Ainsi, même si Daly était surtout connu pour avoir plié un certain nombre de châssis Tyrrell en 1980 – notamment celui de son équipier à Monaco – il n'était pas écrit à l'avance que l'irlandais évolue dans l'anonymat le plus complet. D'autant que la Williams était encore suffisamment vaillante pour viser la victoire à l'occasion en dépit de la montée de l'opposition turbocompressée. Or même dans une saison aussi chaotique que 1982, Daly échoua à accrocher ne serait-ce qu'un podium. Y compris à Monaco... encore que ce jour-ci, personne ne semblait vouloir y monter !

Ce qui rend l'écart final d'autant plus cruel pour Daly, c'est que Rosberg se distingua avec un des plus faibles totaux pour un champion du Monde avec ses quarante-quatre unités. Daly n'en récolta que huit. Que sa carrière F1 s'acheva ici n'était guère étonnant. Il ne sera pas le seul dans ce classement.

Numéro 5 : 1968 : Jackie Oliver, 1968, Lotus
12.5% du total de Graham Hill

Ici encore, l'opposition en question n'est pas totalement juste envers le second pilote. Non seulement Jackie Oliver débutait face à un champion du Monde mais il devait remplacer le leader incontesté de l'équipe (et de son sport), suite à l'accident mortel de Jim Clark en F2 à Hockenheim. Il fallait être un talent spécial pour s'en sortir et Oliver n'était pas de ce bois-là.

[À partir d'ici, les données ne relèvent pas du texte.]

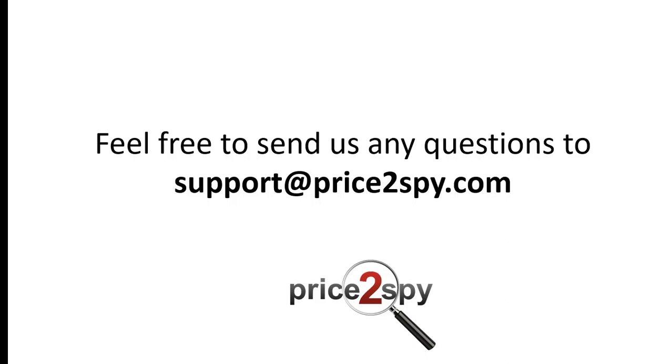I hope you found this tutorial useful. In case you have any questions on how to add products in URLs, please feel free to contact us at support at Price2Spy.com.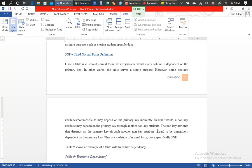Let me repeat: we first say that all the non-key attributes should fully functionally depend on the primary key — it is only in that fashion that we can say the table is a single-purpose table. But even if we think we have achieved that, we have to sit back and look more closely. We can have a situation where one or more non-key attributes depend on the primary key through another non-key attribute, and that situation is referred to as transitive dependency.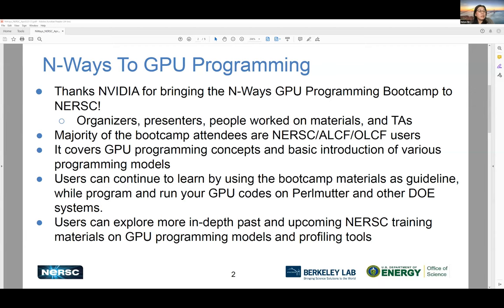And finally, 10 TAs for the day: Matt, Jonathan, Odette, Scott, Brent, Matt, Rahul, Brad, Wayler, and Kevin. Thank you all very much. Also, thank all attendees for your interest in learning GPU programming and using them on Perlmutter and generating wonderful science results in the future.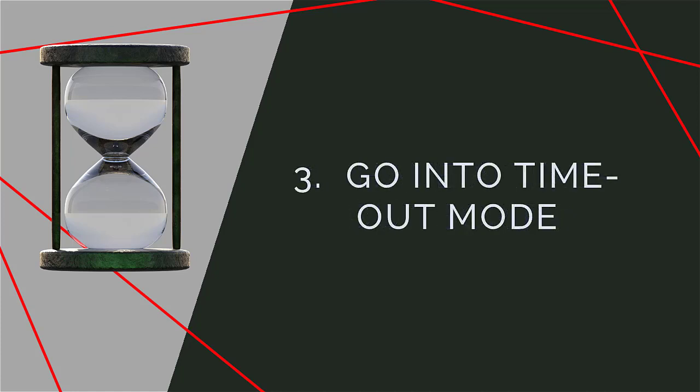3. Go into timeout mode. Timeout isn't about brooding or getting razzed up for a fight. It's to give you some safe space to calm down.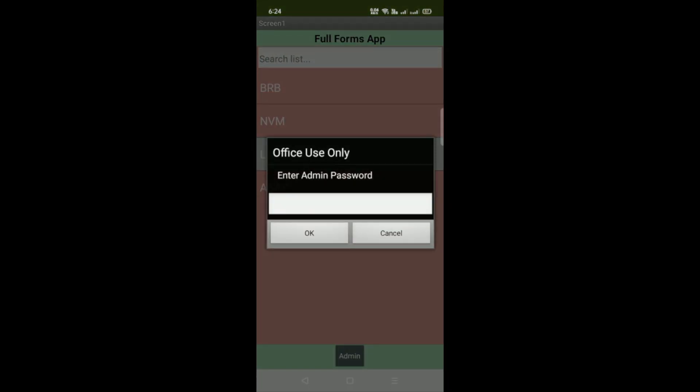So you have to put your admin password. You can see office use only. So enter the password. So suppose my password is 1234.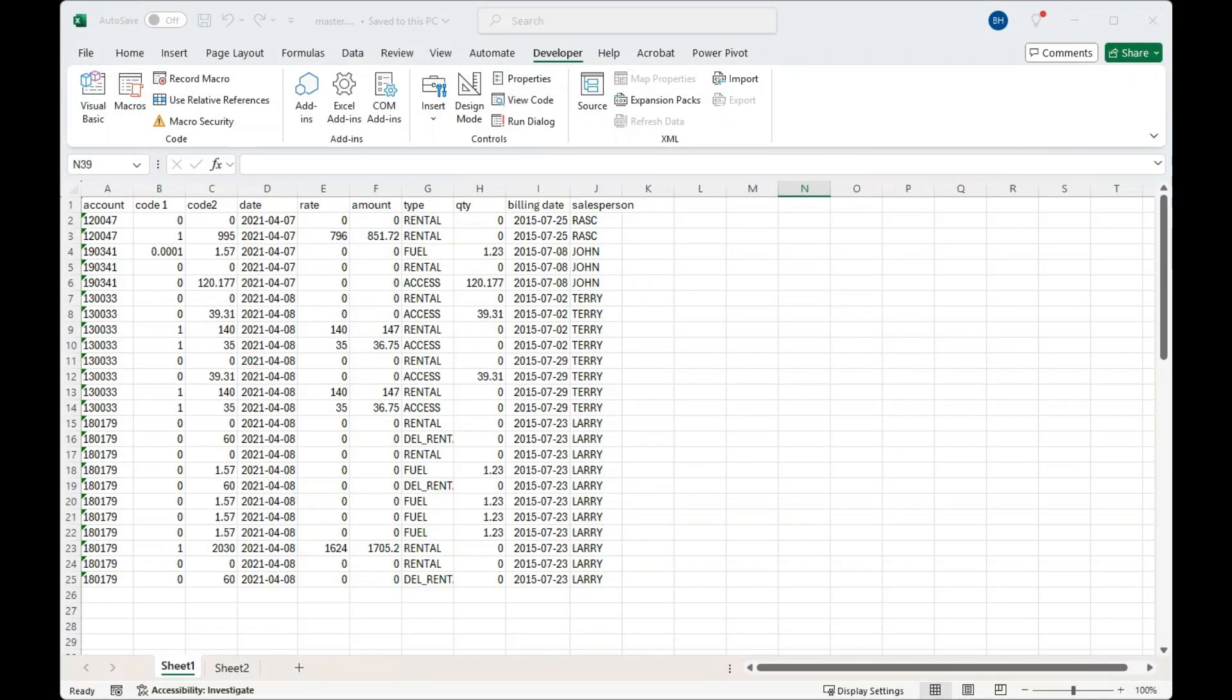In this video, I'm going to show you how you can add all the Excel files from one folder to the master sheet.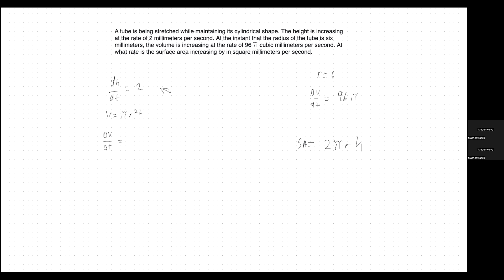Now the first step is to look at the volume. The volume of a cylinder is πr²h. Since we're given the dV/dt value, we should plug that into the equation. But first, in order to use that value, we have to take the derivative of the volume formula. So let's do that: dV/dt = π(r² · dh/dt + 2r · dr/dt · h).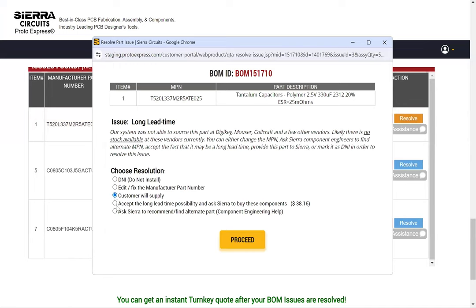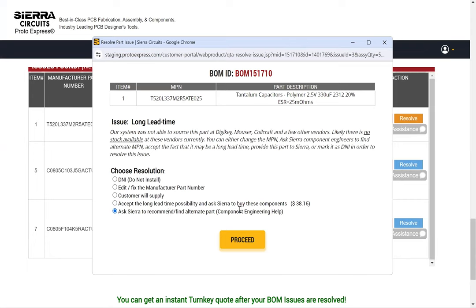The fourth option lets you proceed with the issue as it is. Our component engineering team can assist if substitute parts are not found or more information is needed. You can send an inquiry for further assistance.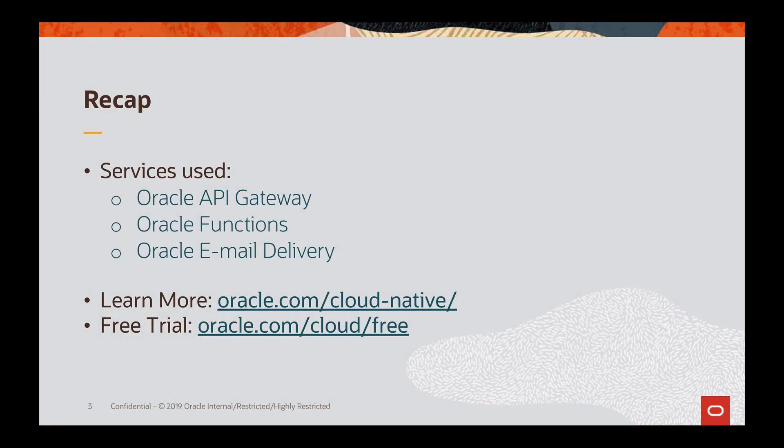To recap, in this video we saw how MewShop uses Oracle Cloud Infrastructure API Gateway, functions, and email delivery service with a cloud-native application. Take a free trial of Oracle Cloud and learn more at oracle.com/cloud-native.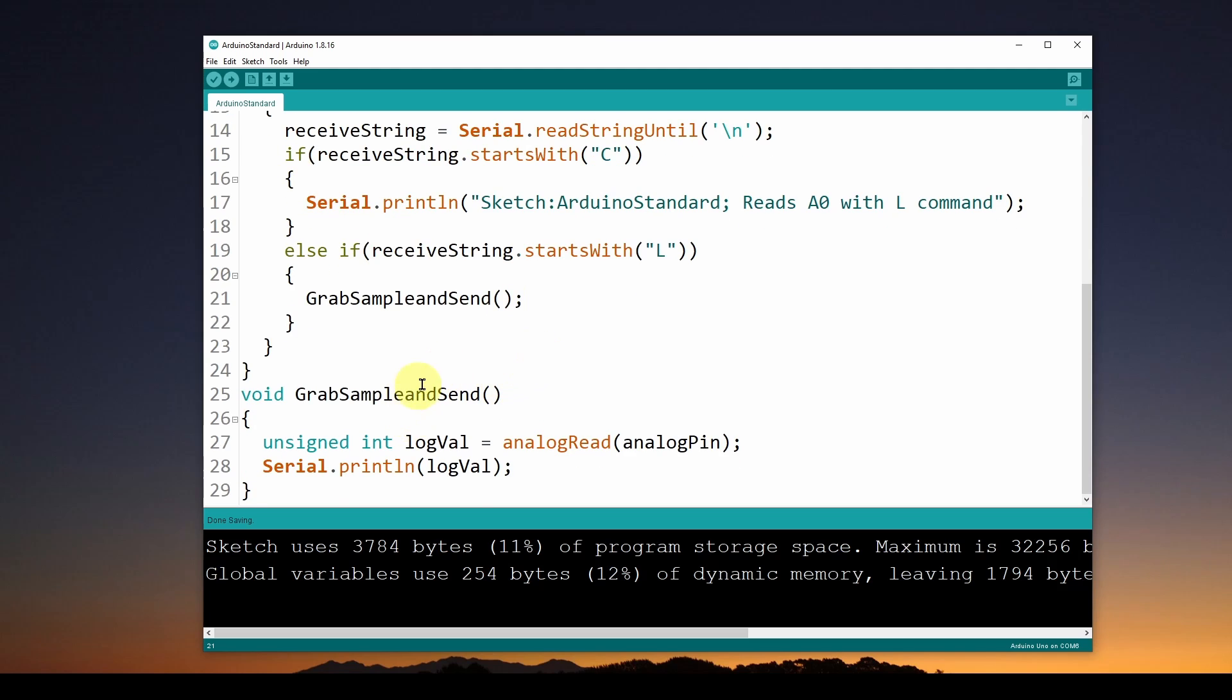All that does is it says do an analogRead to that analog pin A0, and that will be an unsigned int logVal, and that's going to be a 0 to 1023 value. Once we have that, we're just going to do a Serial.println with that logVal and send that back to the computer.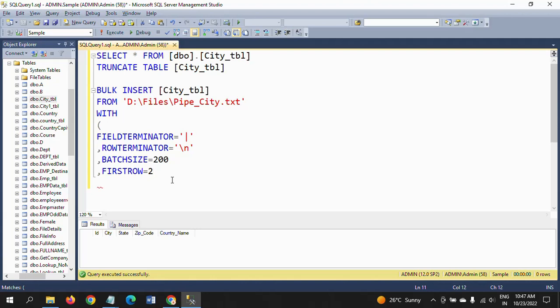Next is MAX_ERRORS. If you have thousands or millions of rows, errors will be common in the input source. That's why you need to mention some maximum errors number.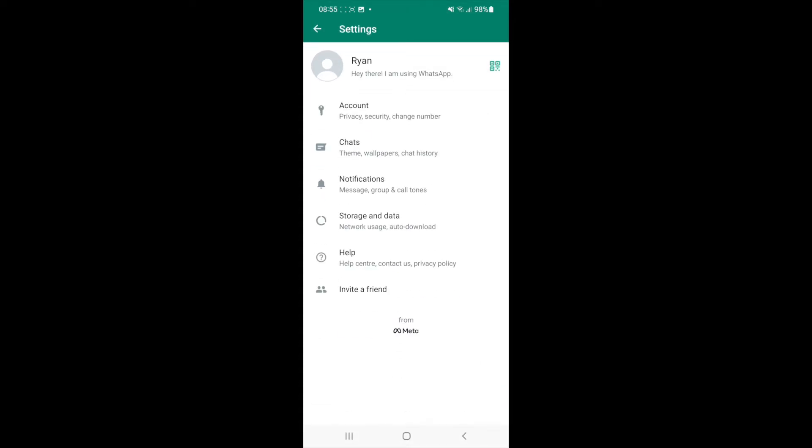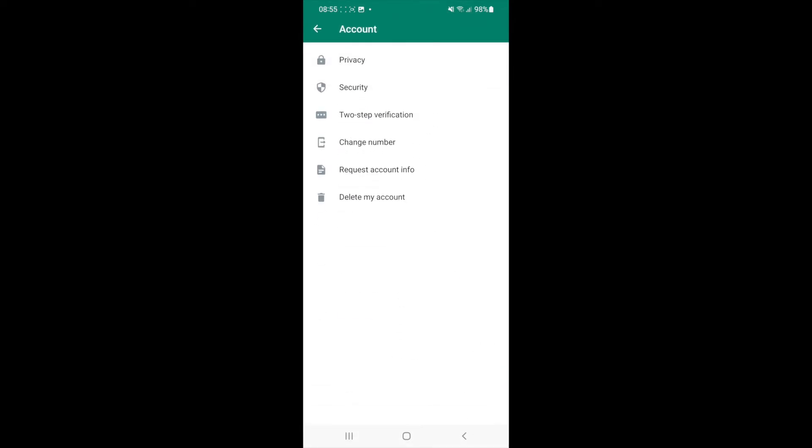Once you select Settings, you will now need to click on Account, and then once you click on Account, you will need to select the two-step verification tab.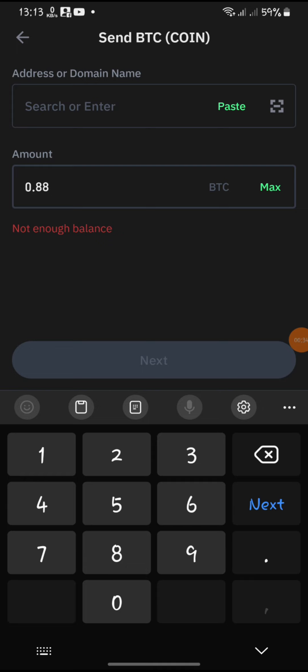It is also important to consider any fees associated with converting cryptocurrencies into fiat currency and transferring funds, as they vary depending on various factors such as exchange rates, network fees, etc.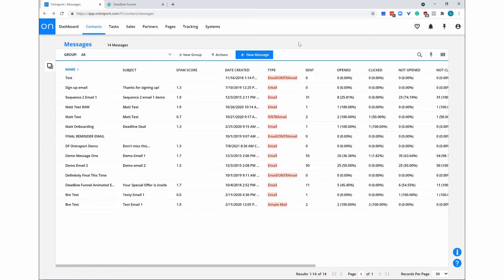The only supported method is to use the Deadline Funnel animated email countdown timer using the legacy Ontraport RAW HTML email editor.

Il mit un point d'honneur, comme Spence, à monter sur le podium pour la course finale à Mexico, mais personne chez Lotus n'y prêta attention. Hill remportait ce jour-là son deuxième titre et offrait la couronne constructeur à son équipe. Avec ses six pauvres unités (quarante-huit pour Graham), Oliver n'eut aucune influence dans ce succès et fut tout naturellement remercié pour laisser place au fougueux Jochen Rindt.

S'il connut une carrière honorable avec BRM et Shadow – il monta sur le podium à Mosport en 1973 – Oliver reste plus connu en tant qu'un des fondateurs de l'équipe Arrows, qu'il dirigea pendant près de 20 ans avant de céder son affaire à Tom Walkinshaw en 1996.

Numéro 4 : Jos Verstappen, 1994, Benetton
10,87% du total de Michael Schumacher

Jos Verstappen est désormais davantage reconnu comme le père de Max que pour sa propre carrière en Formule 1. Le néerlandais était pourtant à l'époque le Batave avec le plus de succès dans la discipline et faute d'avoir su exploiter son talent de façon régulière, il sut attirer l'attention de façon positive à plusieurs reprises. Sauf que Jos traînait aussi le boulet de sa saison 1994, lequel ne le quitta jamais.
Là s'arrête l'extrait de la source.